Sarà l'entusiasmo per "Yanez", che dal palco dell'Ariston ha portato il dialetto (comasco) in tutte le case d'Italia, consegnando idealmente al (nostro) vernacolo la carta d'identità della Repubblica Italiana. Fatto sta che mai come oggi la lingua territoriale - i dialetti - sembra in magnifica forma e pare finalmente lanciata verso una nuova dignità artistica: dopo essere stato classificato per secoli come letteratura - e poesie, e drammaturgia - minore, oggi l'idioma delle province italiane è assurto agli onori della critica e delle vendite. Basta ricordare autori come Andrea Camilleri, Michela Murgia e Salvatore Niffoi, che alla rivisitazione creativa dei rispettivi dialetti devono buona parte della loro fortuna letteraria. Se ha ragione Franco Brevini, che nel recente "La letteratura degli italiani" (Feltrinelli) sostiene che l'italiano nato dal toscano è stato a lungo - almeno fino all'effetto unificante di scuola nazionale e tv - una lingua «lingua mandarina precocemente ibernata» di fabbricazione tutta letteraria ed estranea alle cose ed alle emozioni (delle quali si faceva interprete invece il dialetto, mai riconosciuto però come lingua capace di produrre letteratura alta), un bilancio della lingua italiana in occasione dei 150 anni dell'Unità del Paese (di cui si è parlato anche nei giorni scorsi al Quirinale) non può che registrare positivamente non solo la sopravvivenza del dialetto, ma una sua mutazione genetica, un adattamento darwiniano che ne ha determinato una nuova vitalità all'interno dell'ecosistema letterario.
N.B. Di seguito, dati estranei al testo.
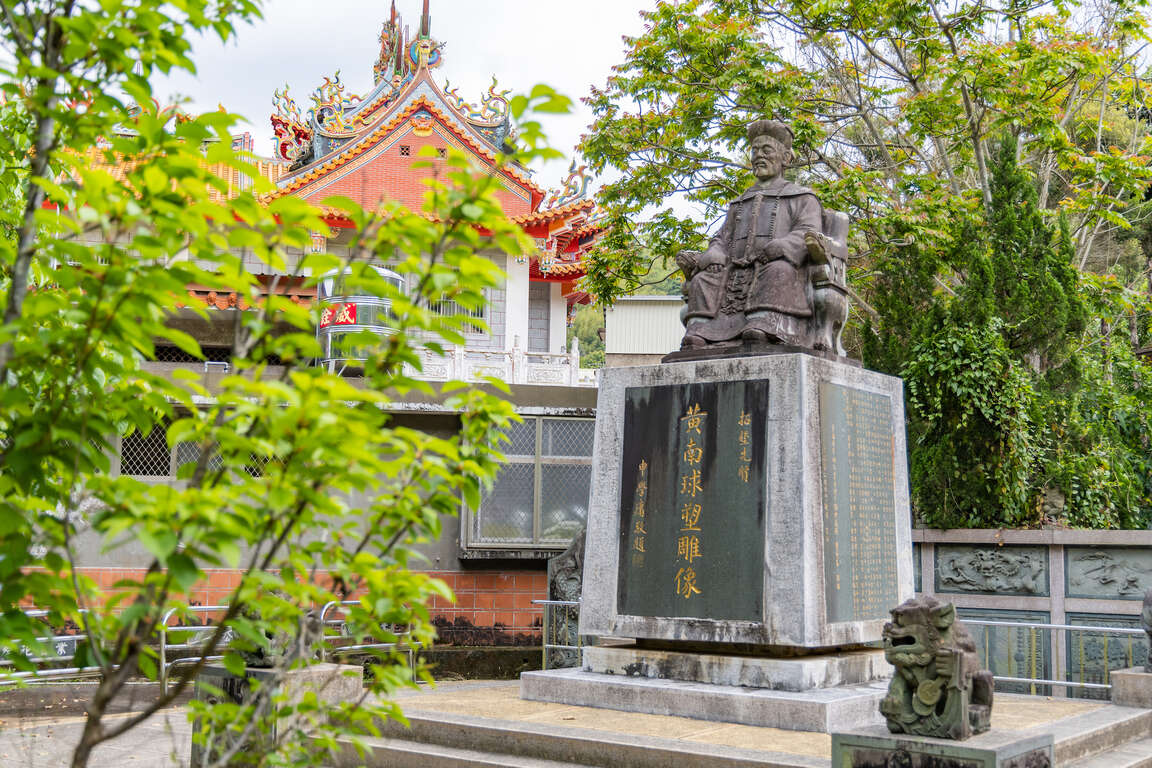 黃南球雕像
Peccato che a fronte di questo segnale di fecondità linguistica, la lingua nazionale registri invece un progressivo impoverimento. Più di uno studio ha dimostrato che la nuove generazioni possiedono un vocabolario molto più ristretto di quelle che le hanno precedute, e anche il ricorso alle strutture sintattiche più complesse è in caduta libera, rimpiazzati l'uno e le altre da codici elementari resi popolari da blog e sms, infarciti di abbreviazioni e anglicismi.
Non solo: secondo uno studio delle accademie della Crusca e dei Lincei risalente a un anno fa, i giovani non sono capaci di selezionare il registro linguistico, cioè di calibrare la lingua in base al livello culturale e sociale dell'interlocutore e alla situazione, scegliendo di conseguenza il lessico e persino la sintassi. E un'analoga semplificazione si riscontra nel linguaggio della classe politica, che tende ad abbassare il registro perché pensa così di conquistare più facilmente il consenso di chi ascolta, perdendo però in capacità argomentativa e spesso anche in autorevolezza.
Non sono dunque i dialetti a rischiare l'estinzione, ma l'italiano. Quanto questo sembra avviato verso un'atrofizzazione di molte delle sue componenti, quanto quelli appaiono vivi, se pur cambiati. Nell'ultima edizione del dizionario Zanichelli sono stati pubblicate 2.800 parole italiane da salvare, come fragranza, garrulo, solerte, sapido, fulgore. E sul portale Treccani, uno speciale sul rapporto tra lingua e idiomi locali parla di «ritorno di fiamma dei dialetti»: «Dialetti di certo fortemente italianizzati, sicuramente usati, frammisti all'italiano, soprattutto in ambito familiare e tra amici (se giovani, soprattutto in rete, con finalità ludico-espressive), ma finalmente liberati dal marchio d'infamia della subalternità socio-culturale e - dove non assunti addirittura come armi identitarie da contrapporre alla lingua nazionale - fruibili come varietà parallela e aggiuntiva rispetto all'italiano». «Grazie alla mediazione degli italiani regionali (varietà che avvicinano, nel corso del Novecento, i dialettofoni alla lingua) - scrive sul medesimo portale Massimo Cerruti - il dialetto oggi si offre come possibilità aggiuntiva nel repertorio individuale, non più sintomo e simbolo d'arretratezza o incultura, ma ulteriore risorsa espressiva».
Gli italiani, dunque, sono ancora attaccati alle loro radici linguistiche, e le difendono: come dimostra il malumore registrato quando la Rai ha messo in onda per i 150 anni dell'Unità d'Italia alcuni spot in cui a personaggi caricaturali venivano messe in bocca «parlate locali al limite del macchiettistico», come ha scritto Michela Murgia sul suo blog. «Se gli italiani fossero ancora quelli di 150 anni fa, probabilmente parleremmo ancora così», ammoniva il messaggio pubblicitario, calando dall'alto una definitiva contrapposizione fra lingua nazionale e lingue locali che forse è davvero superata.